German energy ministers promise legal overhaul to revive ailing wind power expansion

Clean Energy Wire

The expansion of onshore wind power in Germany and the capacity growth of other renewable energy sources need a clear political plan and adjustments to regulatory hurdles that currently impede the construction of thousands of wind turbines, Germany's economy and energy minister Peter Altmaier and his colleagues from three federal states have said after a national "Wind Power Summit" in Berlin. "Our wind energy industry currently is having some severe problems," Altmaier said, referring to the substantial drop in the number of turbines installed. The number of new turbines has fallen to the lowest level in almost two decades in the first half of 2019. Altmaier said the summit that brought together policymakers, wind industry representatives, conservationists and wind power expansion critics had shown that the stakeholders generally want to make sure Germany's energy transition can succeed. "Just like with nuclear and coal energy, we want to work towards a big consensus."

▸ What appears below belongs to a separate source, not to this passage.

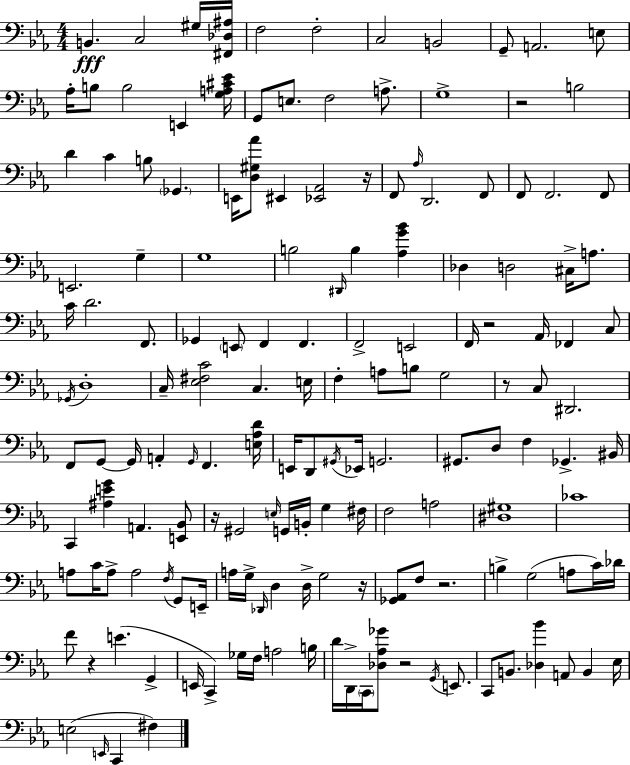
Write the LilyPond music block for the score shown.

Altmaier said the meeting was meant to serve as a prelude to a set of measures to ensure that the licensing of wind turbines happens more quickly, sufficient building land is designated for wind power, acceptance among local residents increases and legal conflicts with environmental protection are dispelled by regulatory reforms. He said that Germany needs to spell out in detail how it plans to achieve the goal of having a 65 percent share of renewables in power consumption by 2030, adding that current support caps for offshore wind power and solar power could be lifted or modified. "We all have the will to achieve the 2030 goal. This is not rocket science," Altmaier said. Hermann Albers, head of the German Wind Energy Association (BWE) said the summit had shown "strong backing by the federal states" to keep the industry healthy. The legal reforms would have to bring about positive effects in terms of expansion no later than the second half of 2020 to avert dire consequences for manufacturers, Albers added.

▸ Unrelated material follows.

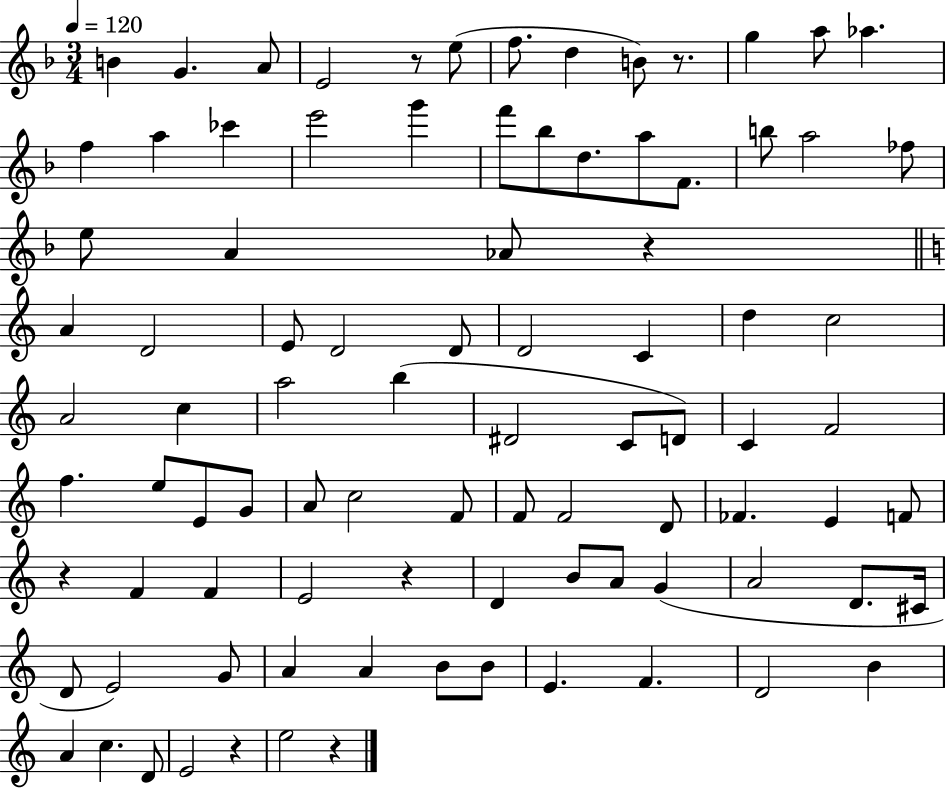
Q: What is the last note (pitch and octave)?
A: E5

Olaf Lies, energy minister in Lower Saxony, Germany's leading wind power state, said that while critics of the technology make themselves heard quite well in the country, they are by far outnumbered by those who back the energy transition and accept wind turbines as a necessary tool for emissions reduction. Lies said concrete measures to get expansion back on track should be put into law no later than December, at the next meeting of state energy ministers. Lies said "artificial" obstacles to wind power brought about by lawsuits and sluggish licensing could mean that the still renowned German wind power industry eventually meets the same fate as the country's solar power manufacturers, which largely succumbed to foreign competition due to price pressure. "If Germany successfully becomes a CO2-free economy, that's exactly the model that will be copied around the world. But if we continue doing what we do now, this will fail," he said.